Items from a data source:
=== Section Start ===
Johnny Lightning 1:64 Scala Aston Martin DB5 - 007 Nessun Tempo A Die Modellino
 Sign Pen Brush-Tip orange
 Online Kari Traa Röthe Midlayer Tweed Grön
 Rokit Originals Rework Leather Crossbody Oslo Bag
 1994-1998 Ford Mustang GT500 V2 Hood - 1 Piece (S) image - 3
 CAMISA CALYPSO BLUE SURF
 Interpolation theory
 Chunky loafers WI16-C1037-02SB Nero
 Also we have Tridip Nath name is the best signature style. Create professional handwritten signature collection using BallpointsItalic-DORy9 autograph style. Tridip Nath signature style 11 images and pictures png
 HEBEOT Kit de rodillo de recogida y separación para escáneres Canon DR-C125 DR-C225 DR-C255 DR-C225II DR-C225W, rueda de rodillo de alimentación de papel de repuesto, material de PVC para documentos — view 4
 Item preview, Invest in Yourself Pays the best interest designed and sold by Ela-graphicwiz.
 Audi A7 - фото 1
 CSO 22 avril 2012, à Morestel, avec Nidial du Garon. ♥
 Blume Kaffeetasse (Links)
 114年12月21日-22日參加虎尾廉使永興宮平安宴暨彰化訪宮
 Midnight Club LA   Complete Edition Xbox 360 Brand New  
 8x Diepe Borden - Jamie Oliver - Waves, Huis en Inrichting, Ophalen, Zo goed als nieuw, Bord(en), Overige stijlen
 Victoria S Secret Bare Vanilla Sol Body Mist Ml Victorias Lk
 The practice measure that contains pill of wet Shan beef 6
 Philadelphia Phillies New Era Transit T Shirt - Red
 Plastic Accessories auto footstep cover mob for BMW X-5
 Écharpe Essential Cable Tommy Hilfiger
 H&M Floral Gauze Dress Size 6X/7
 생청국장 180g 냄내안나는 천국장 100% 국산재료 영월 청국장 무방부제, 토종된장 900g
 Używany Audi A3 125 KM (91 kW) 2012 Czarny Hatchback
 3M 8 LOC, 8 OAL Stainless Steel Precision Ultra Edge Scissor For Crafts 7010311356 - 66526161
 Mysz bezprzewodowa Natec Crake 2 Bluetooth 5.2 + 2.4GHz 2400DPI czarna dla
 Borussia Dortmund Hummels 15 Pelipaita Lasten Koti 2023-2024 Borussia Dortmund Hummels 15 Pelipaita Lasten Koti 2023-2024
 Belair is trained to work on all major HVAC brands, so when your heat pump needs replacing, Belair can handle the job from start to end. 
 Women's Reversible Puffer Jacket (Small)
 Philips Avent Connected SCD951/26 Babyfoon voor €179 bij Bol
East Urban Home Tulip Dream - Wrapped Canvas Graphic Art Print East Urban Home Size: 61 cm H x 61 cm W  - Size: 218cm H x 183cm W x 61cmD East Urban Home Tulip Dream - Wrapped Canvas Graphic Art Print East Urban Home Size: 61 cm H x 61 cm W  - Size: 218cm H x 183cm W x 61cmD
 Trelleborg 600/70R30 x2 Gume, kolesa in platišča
=== Section End ===
_Prompt_
Beginning at the line with "Item preview, Invest" and stopping after the line with "3M 8 LOC, 8", please write out every line of the data above exactly and nothing else.

_Solution for this exercise_
 Item preview, Invest in Yourself Pays the best interest designed and sold by Ela-graphicwiz.
 Audi A7 - фото 1
 CSO 22 avril 2012, à Morestel, avec Nidial du Garon. ♥
 Blume Kaffeetasse (Links)
 114年12月21日-22日參加虎尾廉使永興宮平安宴暨彰化訪宮
 Midnight Club LA   Complete Edition Xbox 360 Brand New  
 8x Diepe Borden - Jamie Oliver - Waves, Huis en Inrichting, Ophalen, Zo goed als nieuw, Bord(en), Overige stijlen
 Victoria S Secret Bare Vanilla Sol Body Mist Ml Victorias Lk
 The practice measure that contains pill of wet Shan beef 6
 Philadelphia Phillies New Era Transit T Shirt - Red
 Plastic Accessories auto footstep cover mob for BMW X-5
 Écharpe Essential Cable Tommy Hilfiger
 H&M Floral Gauze Dress Size 6X/7
 생청국장 180g 냄내안나는 천국장 100% 국산재료 영월 청국장 무방부제, 토종된장 900g
 Używany Audi A3 125 KM (91 kW) 2012 Czarny Hatchback
 3M 8 LOC, 8 OAL Stainless Steel Precision Ultra Edge Scissor For Crafts 7010311356 - 66526161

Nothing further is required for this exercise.